Make sure that executors are deployed and are online.

Explanations

Limitations

This feature is experimental. In particular, it comes with the following limitations, that we plan to resolve before GA.

  • Running batch changes server-side requires setting up executors. Executors are only available as a self-hosted offering. This means we cannot offer managed executors at this time. Managed instances customers can still run batch changes server-side by setting up executors on their own infrastructure.
  • The execution UX is work in progress and will change a lot before the GA release.
  • Documentation is minimal and will change a lot before the GA release.
  • Running batch changes server-side will be limited to user namespaces in this release.
  • The newly introduced APIs for server-side are still experimental and will likely change as we evolve the product towards GA.
  • Executors can only be deployed using Terraform (AWS or GCP) or using pre-built binaries (see deploying executors).
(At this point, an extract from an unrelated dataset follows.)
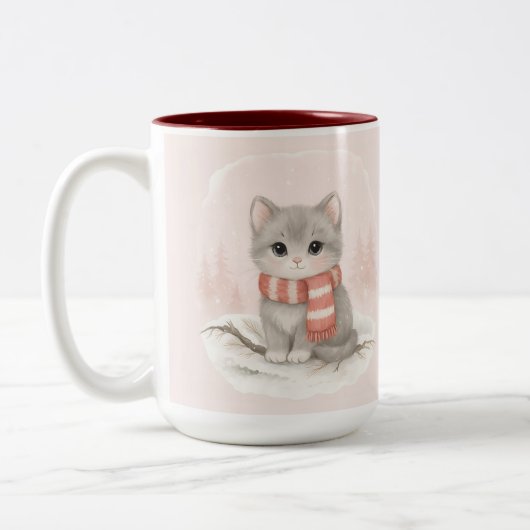 Personalized Cute Kitten Winter Mug Tweekleurige Koffiemok (Links)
Running batch changes server-side has been tested to run a simple 20k changeset batch change. Actual performance and setup requirements depend on the complexity of the batch change.

Feedback on running batch changes server-side is very welcome, feel free to open an issue, reach out through your usual support channel, or send a direct message.
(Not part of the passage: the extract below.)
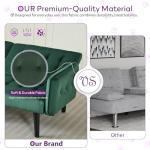 Green Velvet Convertible Futon Sofa Bed with USB Ports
Note for Apple M1 Mac users

By default, docker on mac will build docker images for linux/arm64, which will result in errors when running server-side because executors provide linux/amd64 hosts. If you're creating your own images to run in batch changes, this can be a problem. Use the --platform linux/amd64 flag with docker build to build images compatible with the server-side host.

FAQ

Can large batch changes execution be distributed on multiple executors?
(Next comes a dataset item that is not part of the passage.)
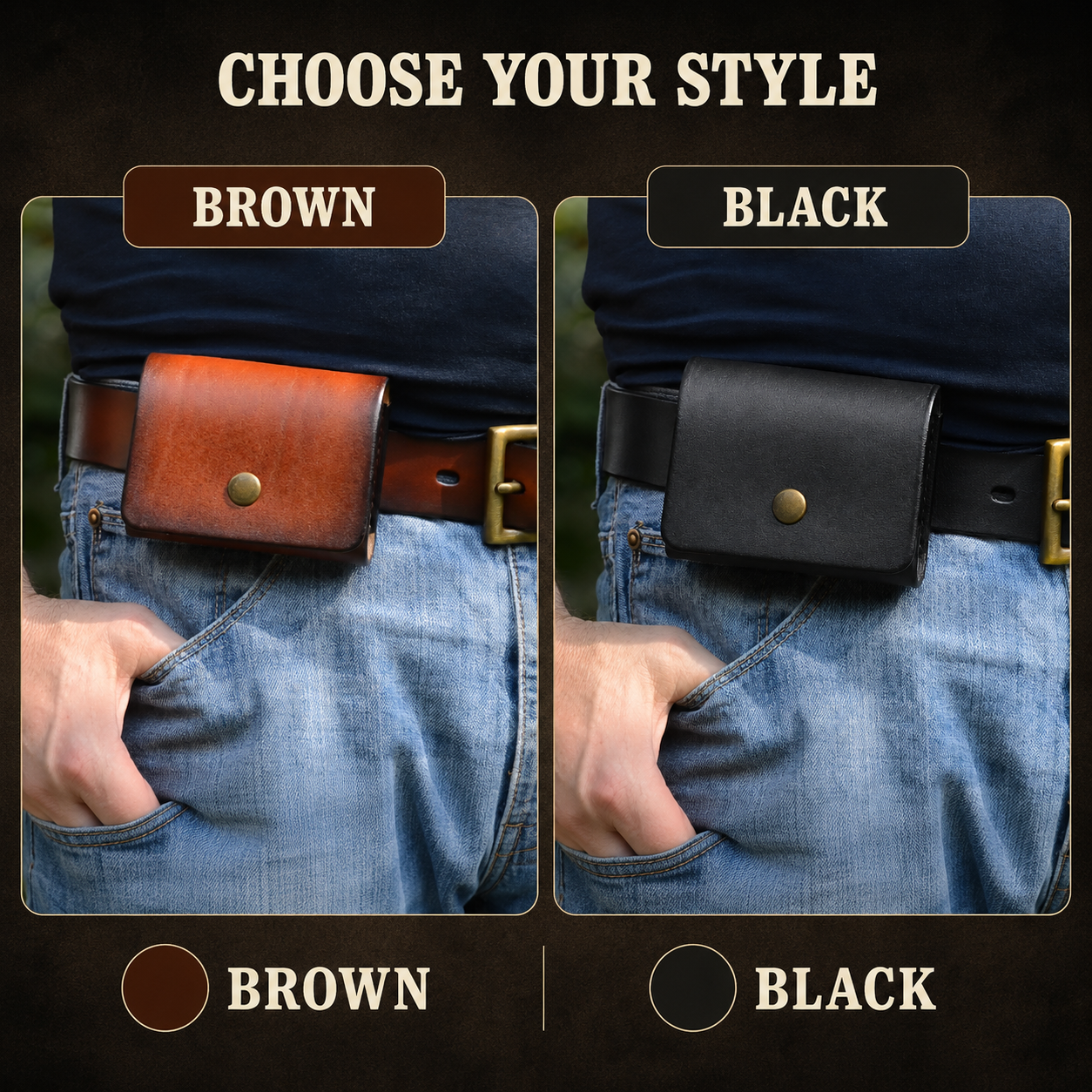 Cow Boy Compact Wallet With Belt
They can! Each changeset that is computed can be assigned to a separate executor, provided there are enough executors available.

What additional resources do I need to provision to run batch changes server-side?

See deploying executors page. The short answer is: as little as a single compute instance and a docker registry mirror if you just want to process batch changes at a small scale; an autoscaling group of instances if you want to process large batch changes very fast.

Can someone accidentally take down the Sourcegraph instance if they run too big a batch change?

No. Executors have been designed for the Sourcegraph instance to offload resource-intensive tasks. The Sourcegraph instance itself only queues up batch changes for processing, tracks execution, then uses the resulting diffs to open and track changesets just as it would for batch changes created locally using the src-cli.

I have several machines configured as executors, and they don't have the same specs (eg. memory). Can I submit some batch changes specifically to a given machine?

No, for now all executors are equal in the eyes of Sourcegraph. We suggest using only one type of machine.

What happens if the execution of a step fails?

If the execution of a step on a given repository fails, that repository will be skipped, and execution on the other repositories will continue. Standard error and output will be available to the user for debugging purposes.

How do executors interact with code hosts? Will they clone repos directly?

Executors do not interact directly with code hosts. They behave in a way similar to src CLI today: executors interact with the Sourcegraph instance, the Sourcegraph instance interacts with the code host. In particular, executors download code from the Sourcegraph instance and executors do not need to access code hosts credentials directly.